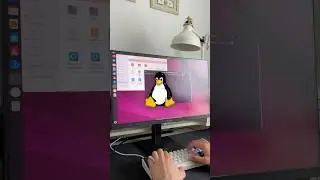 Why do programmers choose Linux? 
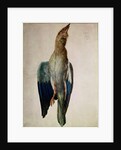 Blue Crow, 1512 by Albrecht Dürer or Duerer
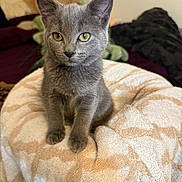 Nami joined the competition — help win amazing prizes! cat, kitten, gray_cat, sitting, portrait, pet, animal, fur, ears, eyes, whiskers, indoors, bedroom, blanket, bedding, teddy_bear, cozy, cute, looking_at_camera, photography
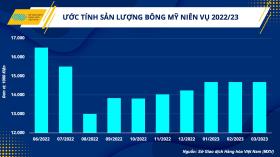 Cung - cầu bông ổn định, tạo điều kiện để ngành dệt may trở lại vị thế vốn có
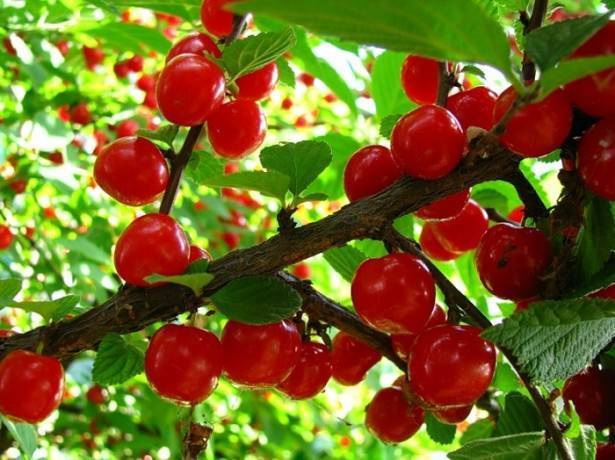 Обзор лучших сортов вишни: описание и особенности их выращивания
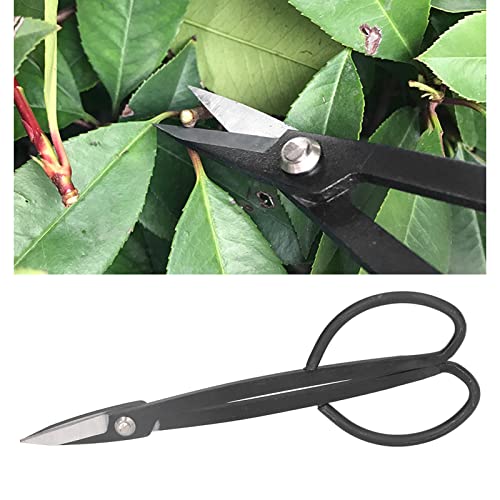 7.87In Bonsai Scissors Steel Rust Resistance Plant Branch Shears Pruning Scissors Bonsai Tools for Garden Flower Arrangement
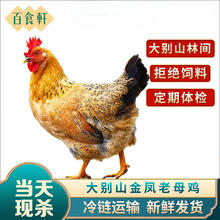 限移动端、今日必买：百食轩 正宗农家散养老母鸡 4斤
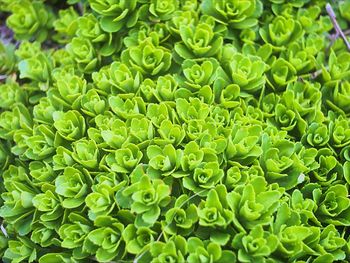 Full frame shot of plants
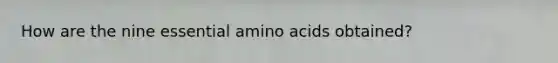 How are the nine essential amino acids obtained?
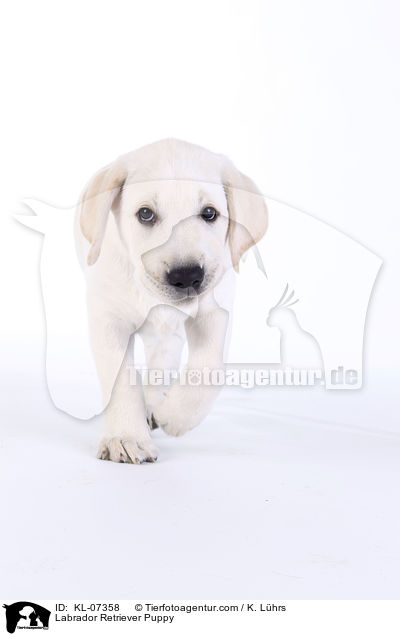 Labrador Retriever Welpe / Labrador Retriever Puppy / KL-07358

◆ ◆ ◆ ◆ ◆

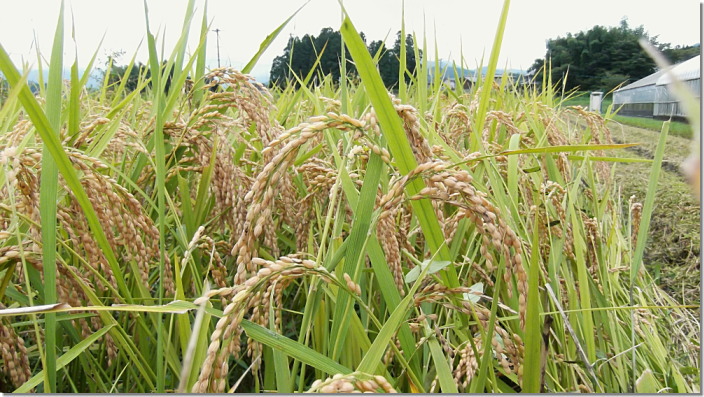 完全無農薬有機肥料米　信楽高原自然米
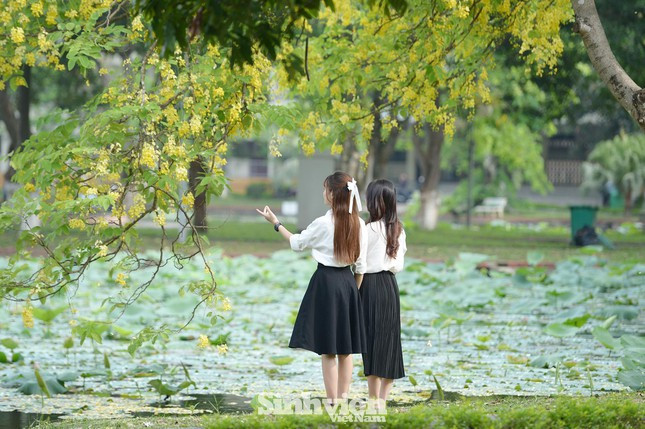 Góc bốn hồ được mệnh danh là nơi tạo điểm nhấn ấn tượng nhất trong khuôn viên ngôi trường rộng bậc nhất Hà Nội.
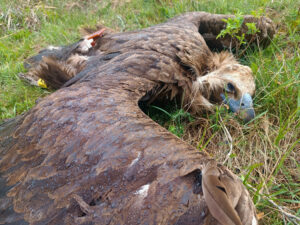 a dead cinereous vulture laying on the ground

◆ ◆ ◆ ◆ ◆

What you need to do:
Return the stretch of data that begins with the line showing "Góc bốn hồ được" and goes on through the line showing "a dead cinereous", exactly, with pictures removed.

Exercise answer:
 Góc bốn hồ được mệnh danh là nơi tạo điểm nhấn ấn tượng nhất trong khuôn viên ngôi trường rộng bậc nhất Hà Nội.
 a dead cinereous vulture laying on the ground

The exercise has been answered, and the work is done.